In contrast to the previous season the Giants headed into the 1985 season with a sense of optimism after their successful 1984 campaign and a 5–0 pre-season record in 1985.[34] The Giants finished the season with a 10–6 record, and Taylor spearheaded a defense that led the NFL in sacks with 68.[35] Taylor himself had 13 sacks. One of the more memorable plays of Taylor's career occurred during this season. On a Monday Night Football game against the Redskins, Taylor's sack of Redskins quarterback Joe Theismann inadvertently resulted in a compound fracture of Theismann's right leg. Immediately after the sack, a distraught Taylor frantically screamed for paramedics to attend to Theismann. Although this sack by Taylor ended Theismann's career, Theismann has never blamed Taylor for the injury. Taylor claims he has never seen the video clip of the play and says he never wants to. The two are currently great friends, pairing up during many celebrity golf tournaments.
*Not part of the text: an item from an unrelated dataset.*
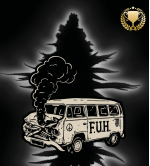 🪴 F.U.H (F*cked Up Hippy)© automatická | Konopná semena | Seedstockers.cz 🐿️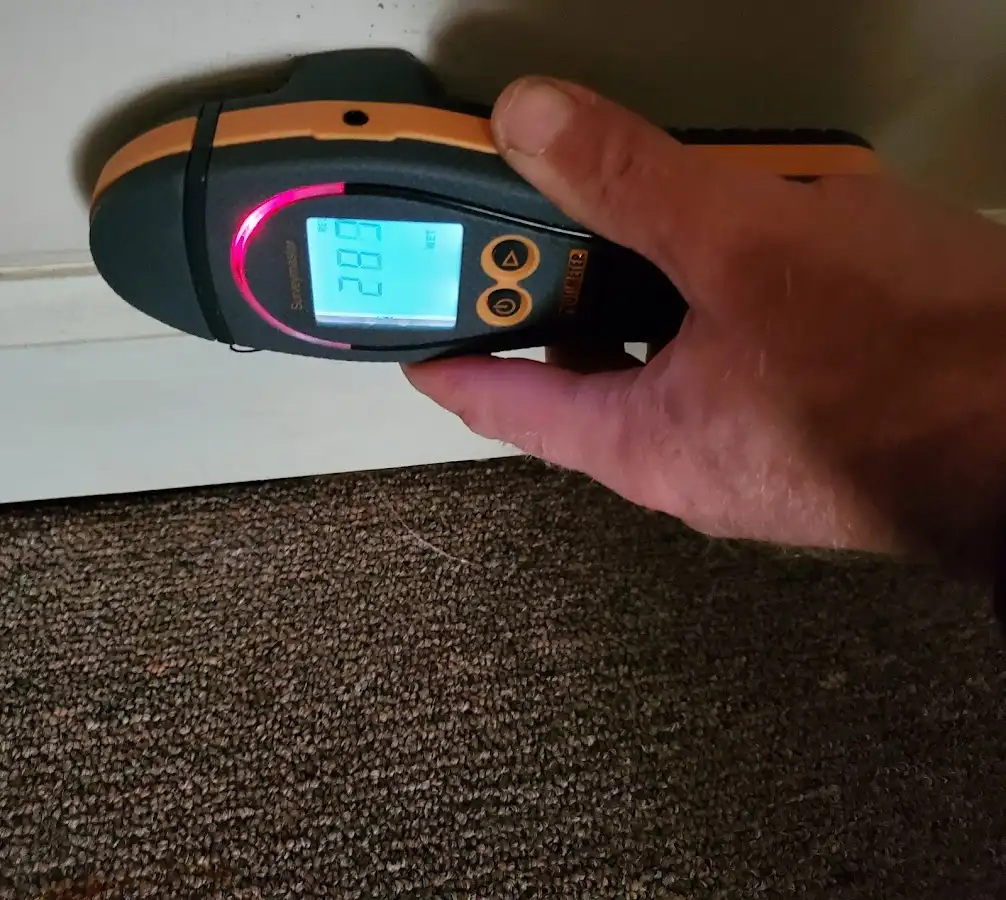 Moisture detection at baseboard during Mold Inspection & Testing in Niagara Falls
During the first round of the playoffs, the Giants defeated the defending champion 49ers 17–3.[36] However, the Giants lost to the eventual champion Chicago Bears in the second round 21–0.[36]

[ Mid-career and championships: 1986–1990Edit

In 1986 Taylor had one of the most successful seasons by a defensive player in the history of the NFL. He recorded a league-leading 20.5 sacks and (at the time) became one of just two defensive players to win the NFL Most Valuable Player award (Alan Page was the other) and the only defensive player to be the unanimous selection for MVP.[37][38][39] In addition, Taylor won the Defensive Player of the Year Award. The Giants finished the season 14–2 and dominated their opposition in the NFC playoffs, beating San Francisco and Washington by a combined score of 66–3.[40] Taylor appeared on the cover of Sports Illustrated alone the week leading up to Super Bowl XXI with a warning from the magazine to the Denver Broncos regarding Taylor.[41] The Giants overcame a slow start in Super Bowl XXI to cruise past the Broncos 39–20.[40] Taylor made a key stop on a goal line play in the first half, tackling John Elway as he sprinted out on a rollout, a play which prevented a touchdown.

With the Super Bowl win, Taylor had just capped off an unprecedented start to his career. Six years into his career Taylor had won the NFL Defensive Rookie of the Year Award (1981), the NFL Defensive Player of the Year Award a record three times (1981, 1982, 1986), been named to First-team All-Pro each year,[20] became the first defensive player in NFL history to be unanimously voted the league's MVP (1986), and led his team to a championship (1986).

The Giants appeared to have a bright future coming off their 1986 championship season as they were one of the younger teams in the league. They stumbled mightily the next season however, and fell to a record of 6–9 in the strike-shortened 1987 season.[42] Taylor continued to produce at his usual all-pro level after missing three games due to the strike, and he finished the season as the team leader in sacks with 12 in 12 games played.[42]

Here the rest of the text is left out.